Quei 55 morti servono a Kim per restare vivo in cima al proprio regno dell’ombra. Permettono a Trump di vantare un successo diplomatico, fino al possibile trattatato di pace e alla rinuncia ai programmi nucleari, che nessuno dei suoi predecessori, da Truman, che nel 1952 dovette accettare l’armistizio, a Obama, aveva ottenuto. Kim è in una posizione di straordinaria forza, perchè da lui, dalla scelta di restituire qualche ossa di caduti nell’Inferno di Ghiaccio, come i reduci chiamano la guerra di Corea, di lanciare o no altri missili, esibire lo smantellamento di impianti sotto l’occhio dei satelliti, dipende la possibilità per la Casa Bianca di gloriarsi. Nessuno, neppure le organizzazioni dei caduti e dei dispersi, neppure il Pentagono, conosce l’identità di quei 55 racchiusi nelle scatole bara e negli anni ’50 non esistevano archivi e cataloghi di materiale genetico.
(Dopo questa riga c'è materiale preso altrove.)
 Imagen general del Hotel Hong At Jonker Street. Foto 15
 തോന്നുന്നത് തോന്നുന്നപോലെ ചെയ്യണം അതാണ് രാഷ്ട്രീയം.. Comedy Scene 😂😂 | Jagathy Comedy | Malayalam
Solo una minuziosa e lunghissima ricerca fra i parenti dei dispersi potrebbe risalire alla loro identità, ma è assai più probabile che saranno sepolti nella “sacra terra” del cimitero di Arlington, come la Casa Bianca ha detto, sotto lapidi anonime, militi ignoti fra altri militi ignoti, uccisi in una guerra che portò il mondo a un passo dal conflitto nucleare con la Cina, voluto dal generalissimo MacArthur e fermato da Truman. Per ricominciare da dove la Corea era partita, nel 1950, nell’eterno e insensato gioco dell’oca delle guerre.